### Exercise instructions
In your copy, each line below is repeated exactly and no image appears.

### Dataset excerpt
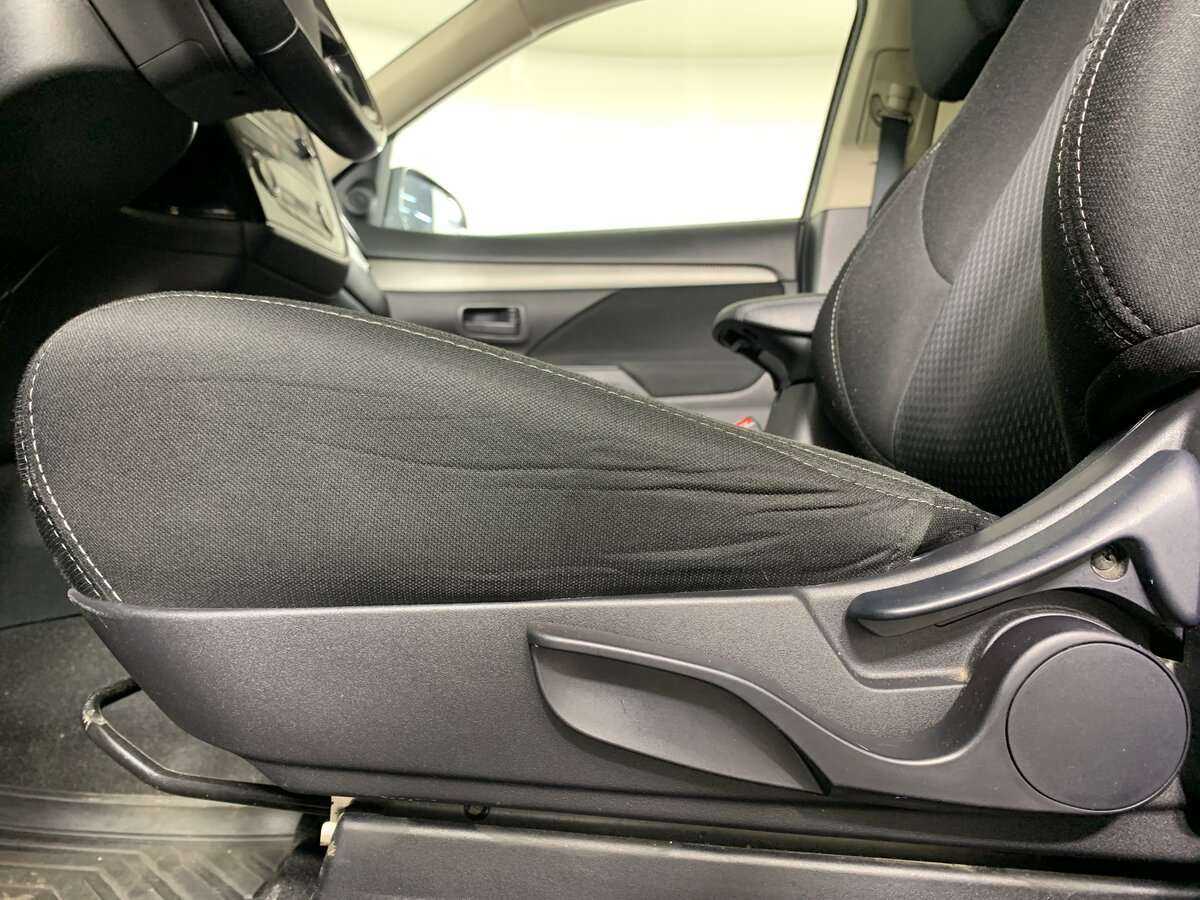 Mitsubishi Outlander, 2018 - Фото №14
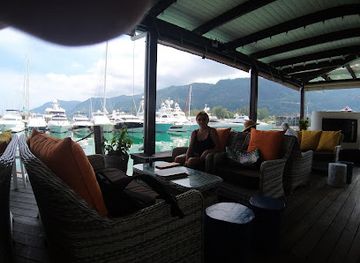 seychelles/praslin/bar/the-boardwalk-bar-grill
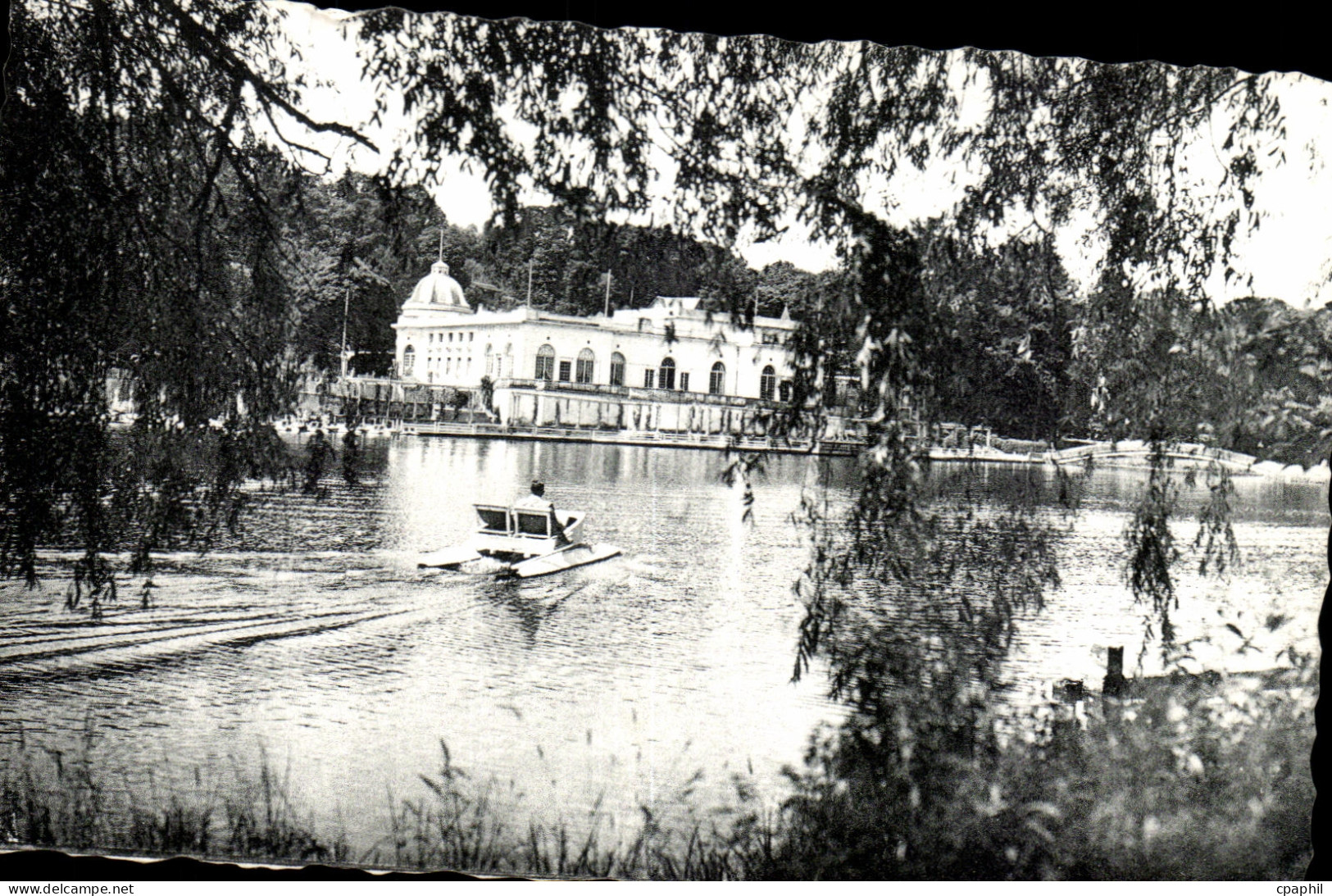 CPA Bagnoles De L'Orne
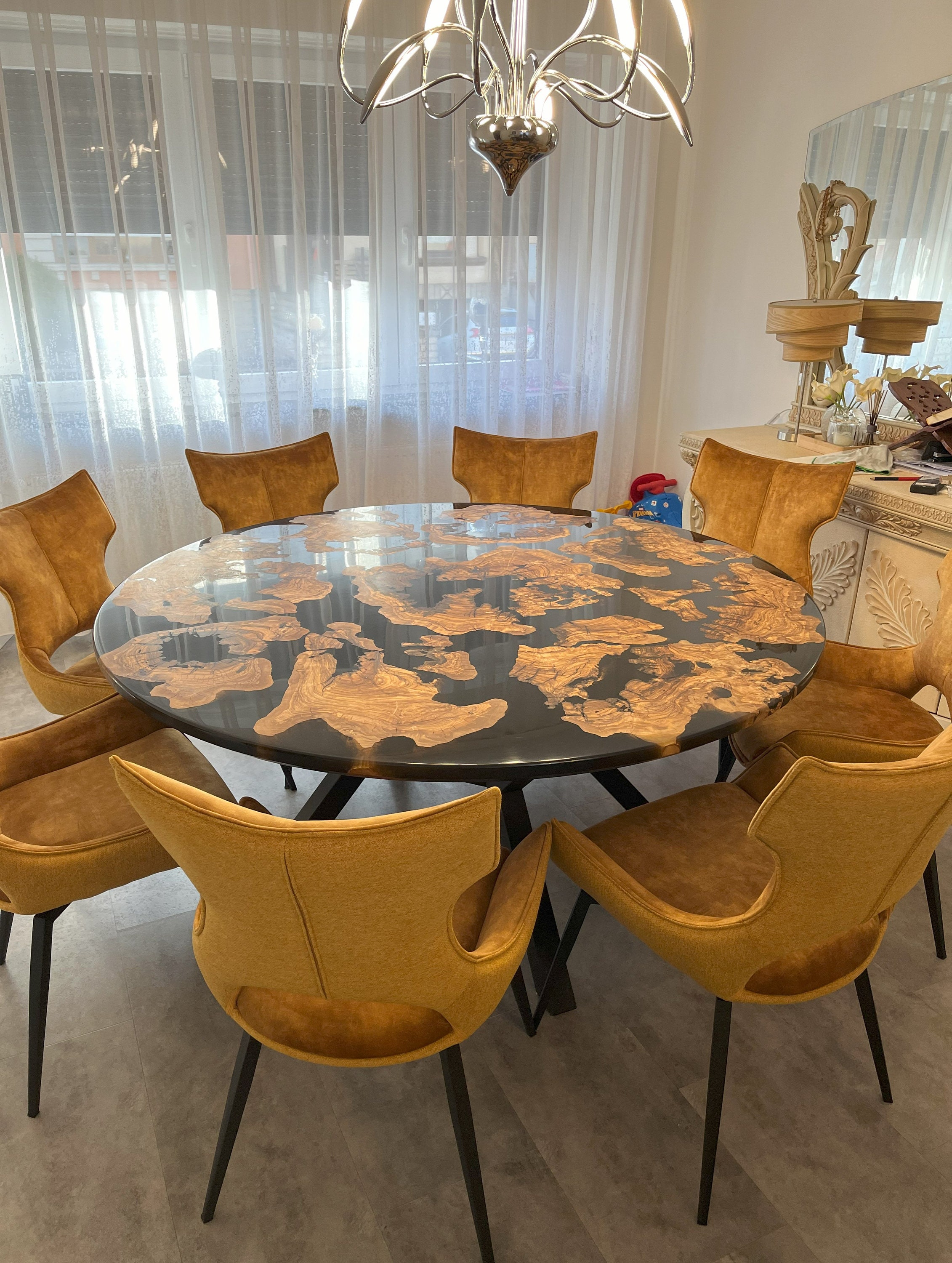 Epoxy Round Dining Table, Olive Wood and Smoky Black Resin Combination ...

### Problem solution
 Mitsubishi Outlander, 2018 - Фото №14
 seychelles/praslin/bar/the-boardwalk-bar-grill
 CPA Bagnoles De L'Orne
 Epoxy Round Dining Table, Olive Wood and Smoky Black Resin Combination ...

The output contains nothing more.